Наконец, обработайте слайды MALDI, содержащие образцы тканей, гематоксилином и эозином или окрашиванием H и E. Изображения из анализа Maldi MS показали общее снижение содержания липидов в нокаутированном мутантном мозге LPR1. Здесь показаны репрезентативные H и E окрашенные участки мозга взрослой мухи.
На этом изображении также указаны липидные виды, их соответствующие значения MZ и масштабы тепловой карты. Средняя величина сокращения нокаутирующего мутанта LPR1 по сравнению с контрольной группой по крайней мере четырех биологических реплик показана в виде чисел рядом со стрелками. Массовый спектр выбранной пустой области ОКТ в области мозговой ткани как от контрольных, так и от мутантных мух показан в диапазоне от MZ1 до 1000 и MZ520 до 900.

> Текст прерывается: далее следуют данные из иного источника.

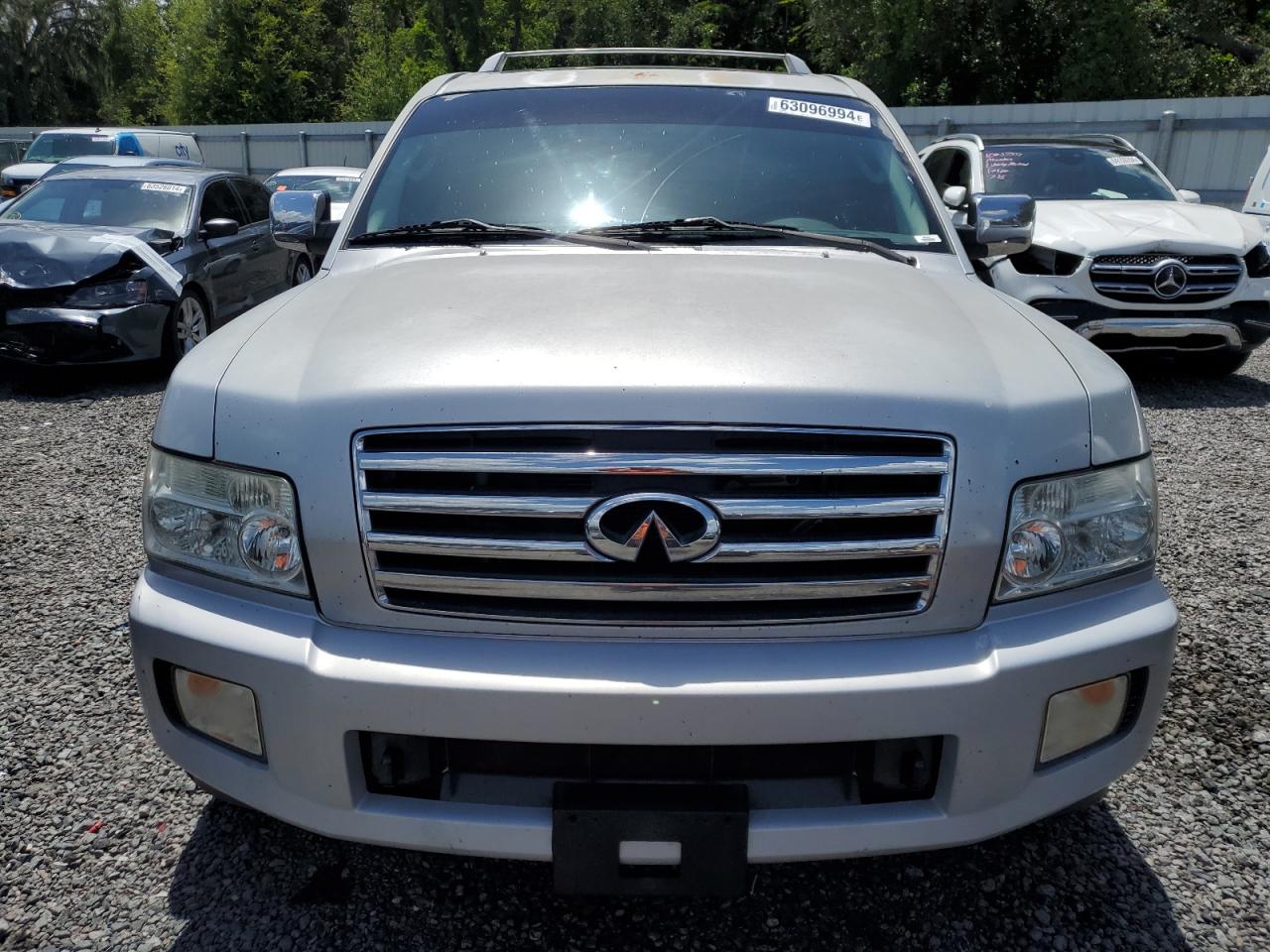 2005 Infiniti Qx56 VIN: 5N3AA08C25N812333 Lot: 63096994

Интерференция OCT связана как с явлениями подавления ионов, так и с проблемами перекрывающегося сигнала. Для поддержания точности данных о липидомике решающее значение имеют соответствующая пробоподготовка, рассечение и криосекция. После выполнения эксперимента Мальди идентичность липидов может быть проверена с помощью LCMS, также известной как жидкостная хроматография, липодомика на основе масс-спектрометрии.
Этот метод дает молекулярное представление о гомеостазе липидов головного мозга, используя мощную и мягкую модельную систему, которая прокладывает путь к пониманию метаболических изменений в мозге, связанных с заболеваниями человека.